━━━━━ Data excerpts ━━━━━
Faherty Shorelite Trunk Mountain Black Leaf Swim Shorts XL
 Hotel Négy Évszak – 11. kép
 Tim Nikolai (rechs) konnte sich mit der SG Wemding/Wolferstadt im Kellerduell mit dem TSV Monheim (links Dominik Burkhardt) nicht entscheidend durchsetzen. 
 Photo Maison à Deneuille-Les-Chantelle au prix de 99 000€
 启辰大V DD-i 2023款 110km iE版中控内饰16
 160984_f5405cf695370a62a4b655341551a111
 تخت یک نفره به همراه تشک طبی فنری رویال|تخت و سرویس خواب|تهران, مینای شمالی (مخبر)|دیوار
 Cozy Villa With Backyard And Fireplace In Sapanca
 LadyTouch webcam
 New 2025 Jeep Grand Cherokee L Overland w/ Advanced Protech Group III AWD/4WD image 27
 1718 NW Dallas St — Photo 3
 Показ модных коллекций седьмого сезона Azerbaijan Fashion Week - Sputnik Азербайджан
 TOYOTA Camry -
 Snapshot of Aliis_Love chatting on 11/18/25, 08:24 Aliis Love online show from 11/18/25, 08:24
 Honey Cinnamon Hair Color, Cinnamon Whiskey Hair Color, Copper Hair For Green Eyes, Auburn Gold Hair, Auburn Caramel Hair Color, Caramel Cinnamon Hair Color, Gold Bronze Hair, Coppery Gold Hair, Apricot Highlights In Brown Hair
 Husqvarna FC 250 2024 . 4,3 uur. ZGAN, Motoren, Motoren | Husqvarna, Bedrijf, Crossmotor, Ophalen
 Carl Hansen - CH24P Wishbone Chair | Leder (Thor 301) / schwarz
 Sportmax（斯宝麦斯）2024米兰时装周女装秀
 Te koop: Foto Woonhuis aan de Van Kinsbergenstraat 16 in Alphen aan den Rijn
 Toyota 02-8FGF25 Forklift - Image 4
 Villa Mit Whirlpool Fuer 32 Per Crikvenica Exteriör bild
━━━━━
Assignment
Please give back, exactly as it stands above, the stretch from the line with "Показ модных коллекций" through the line with "Snapshot of Aliis_Love", and no line outside it.

Response area
 Показ модных коллекций седьмого сезона Azerbaijan Fashion Week - Sputnik Азербайджан
 TOYOTA Camry -
 Snapshot of Aliis_Love chatting on 11/18/25, 08:24 Aliis Love online show from 11/18/25, 08:24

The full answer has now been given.